The band recorded a couple of self-financed singles and turned down a number of record-label deals until George Wein came along with an offer to play on Concorde Records, one of the preeminent jazz labels.

“We saw it as an opportunity to play all the festivals that George managed,” Davis explained.

Because they were young and because they were musicians, the members of the Dirty Dozen didn’t feel compelled to limit themselves musically.

“People consider us a jazz band,” Davis said, “but we play R&B, funk and rock ‘n’ roll on some nights. We just play music.”

A recent shift in personnel has brought the band some criticism. They replaced their twin-drum setup with a single set of traps, added keyboards and a guitar and, on occasion, replaced the sousaphone with an electric bass.

Davis has even recorded his first vocals, but he doesn’t see any of this as a break from tradition.

“As we saw it, the tradition was to learn from what was there to begin with, then expanding on it. And that’s what we have always done.”

Even John Coltrane’s music evolved, he said.

With the addition of keyboards and guitar, the band changed their name to the Dirty Dozen.

The new lineup gives the band more rhythmic variety and a new muscularity.

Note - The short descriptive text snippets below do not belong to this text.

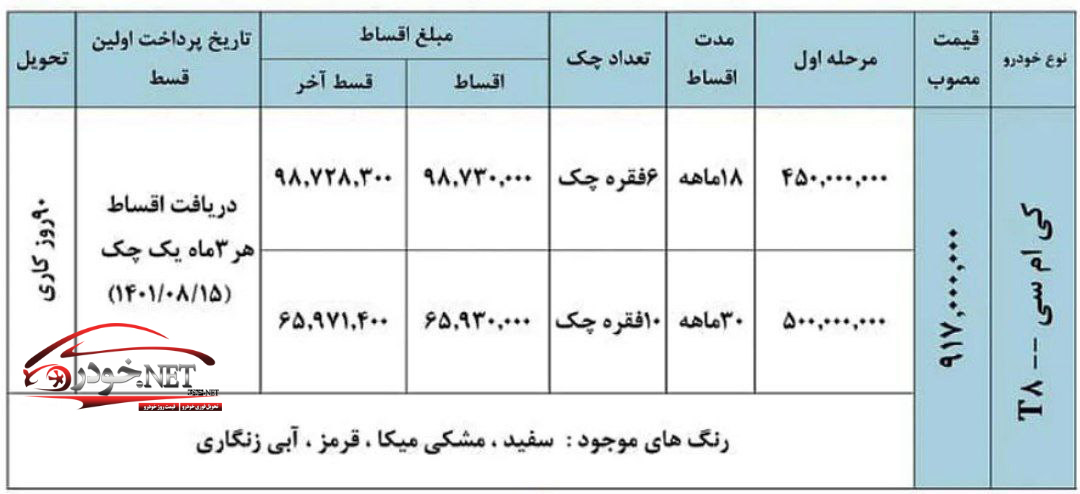 پیکاپT8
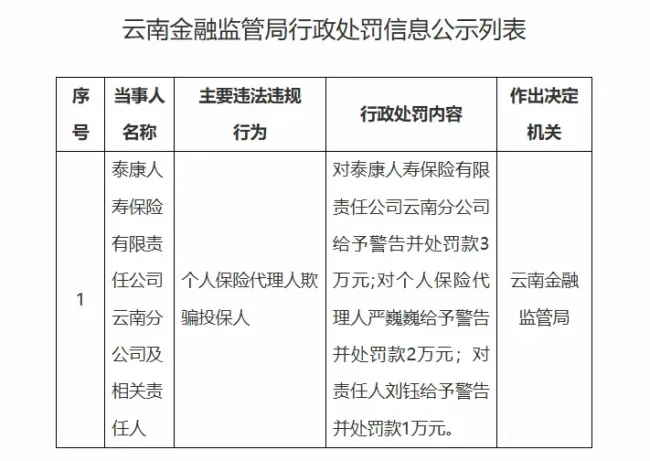 开年9罚、同类违规已超4起——泰康人寿云南分公司因欺骗投保人被罚6万,合规短板凸显
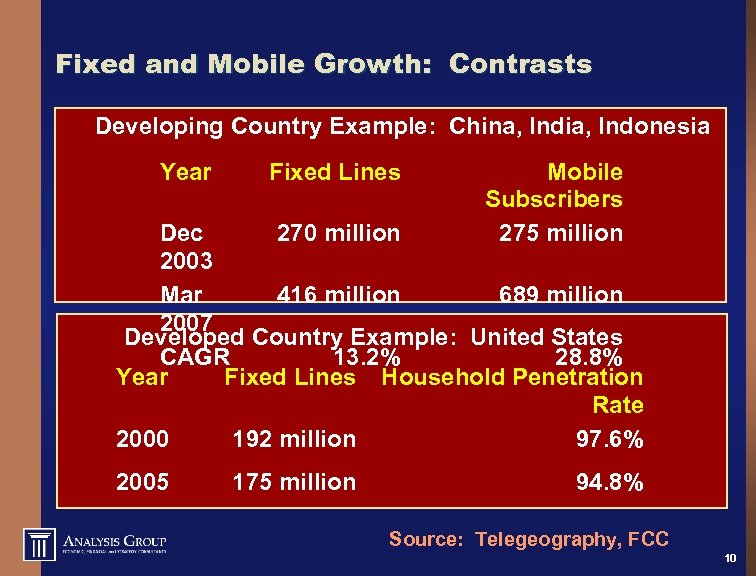 Fixed and Mobile Growth: Contrasts Developing Country Example: China, India, Indonesia Year Fixed Lines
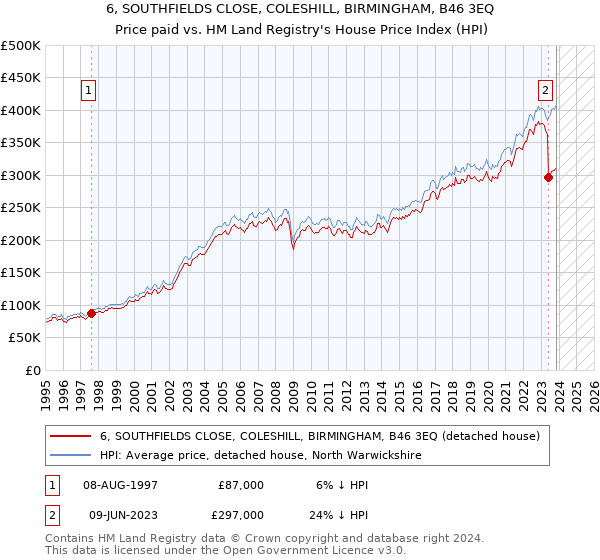 6, SOUTHFIELDS CLOSE, COLESHILL, BIRMINGHAM, B46 3EQ: Price paid vs HM Land Registry's House Price Index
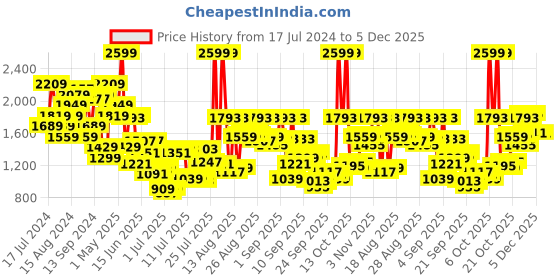 myntra.com Louis Philippe Men Grey Slim Fit Trousers louis philippe Price History Graph from 17 Jul 2024 to 5 Dec 2025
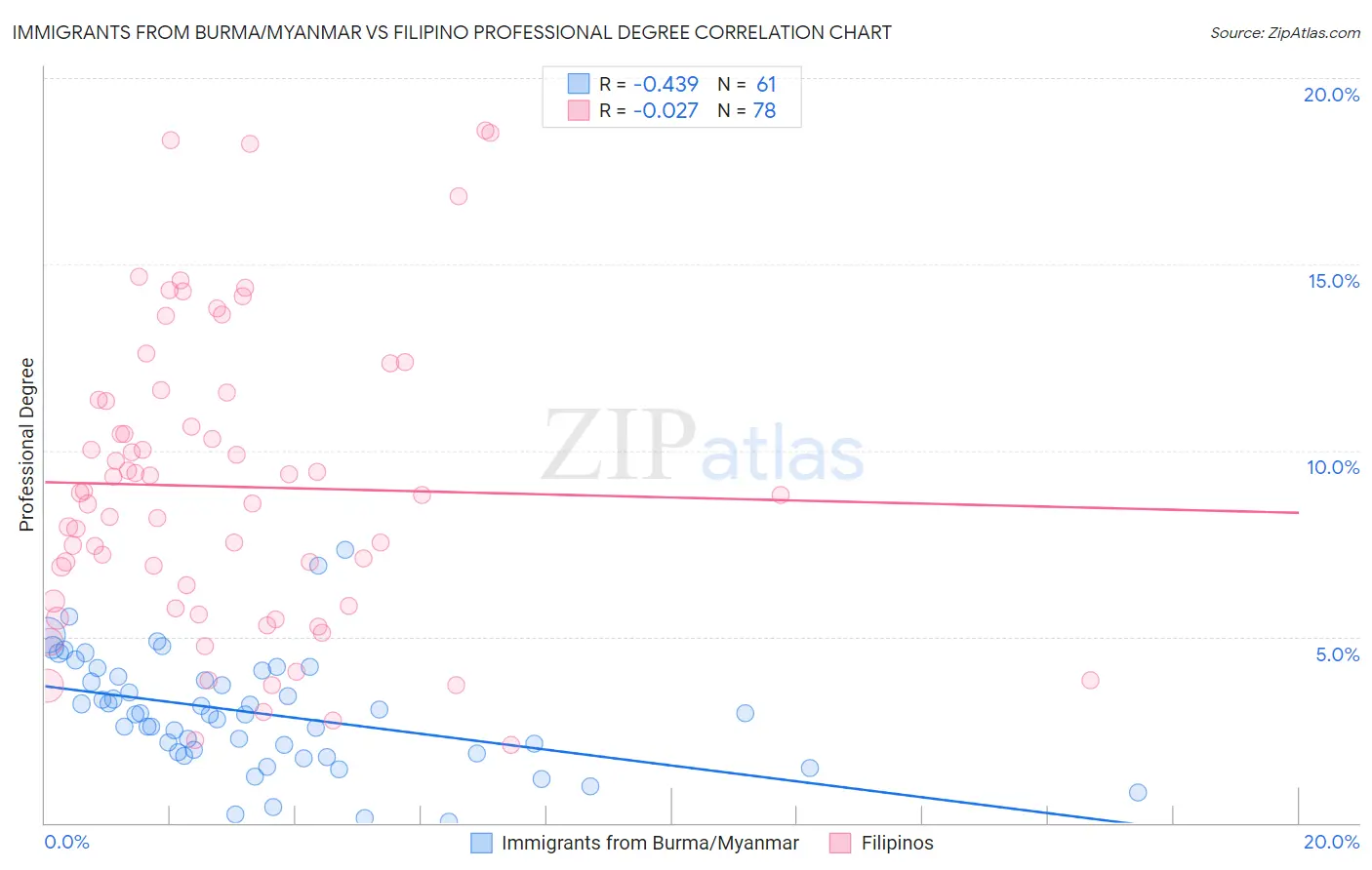 Immigrants from Burma/Myanmar vs Filipino Professional Degree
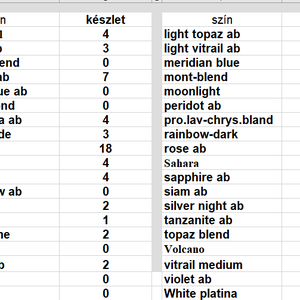 Swarovski kristály medál: SWM szív (6228) 10mm-es AB  több színben - kellékek & szerszámok - gyöngyfűzés kellékek - swarovski kristályok - Meska.hu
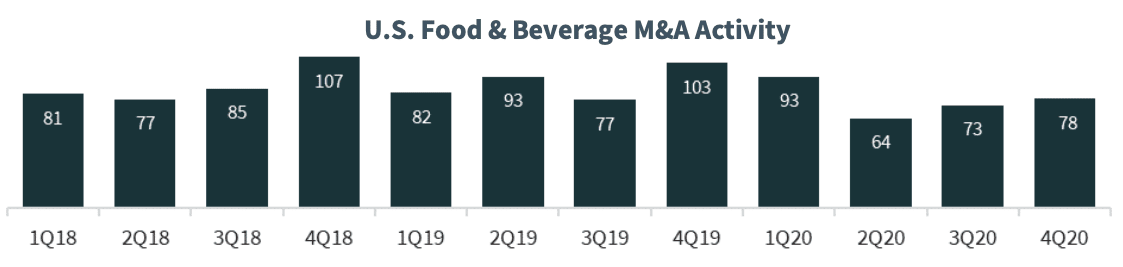 U.S. Food & Beverage M&A Activity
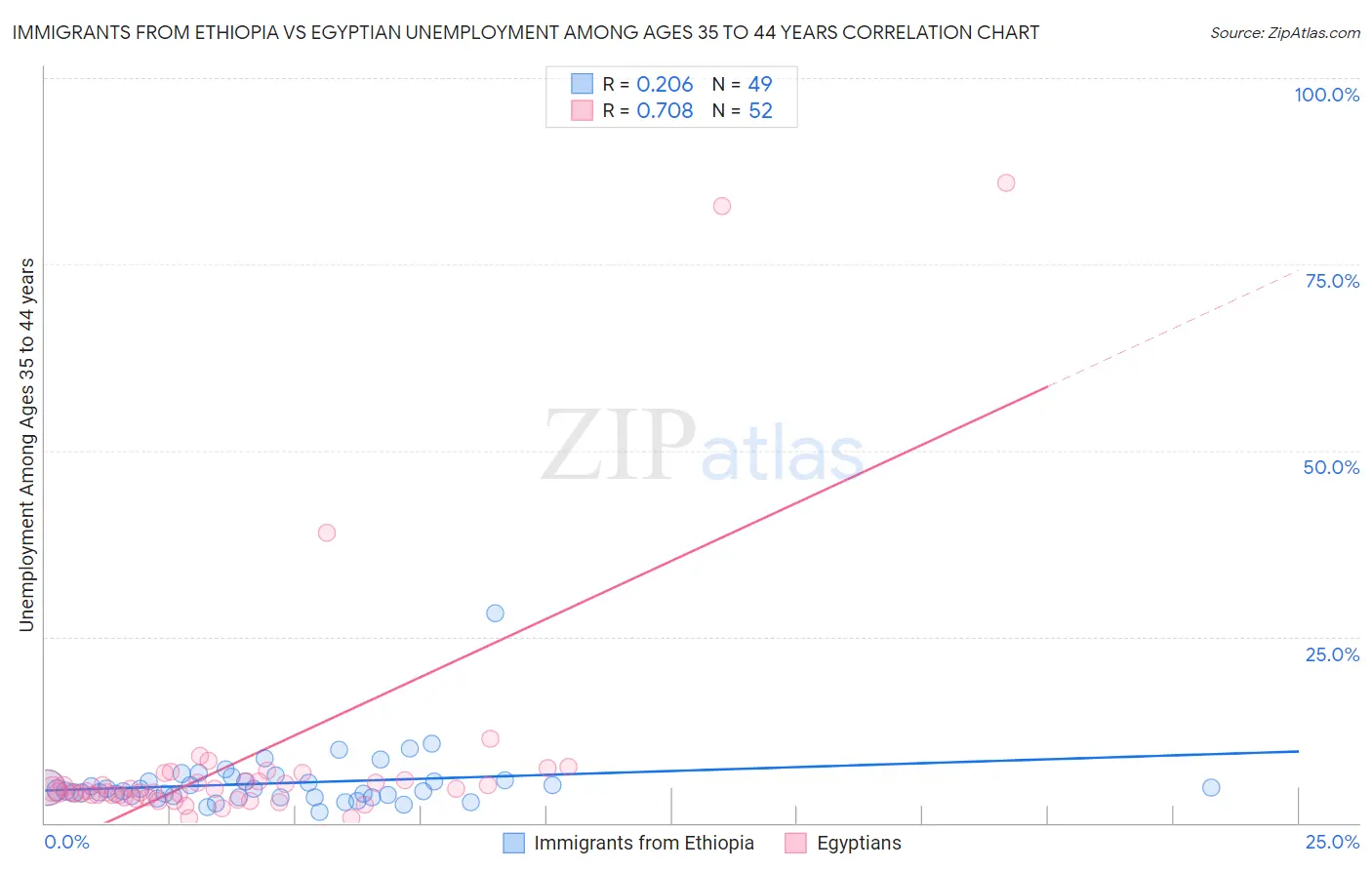 Immigrants from Ethiopia vs Egyptian Unemployment Among Ages 35 to 44 years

Fans who reveled in the close horn harmonies may miss a layer or two of the old sound, especially when the bass is thumping in place of the sousaphone.

But the addition of those rollicking New Orleans keys and the depth added by a guitar gives the band new dimensions to play with.

“There have been some whispers about us doing the wrong thing, but the changes have opened up other opportunities for us, we have been able to go into whole new venues.”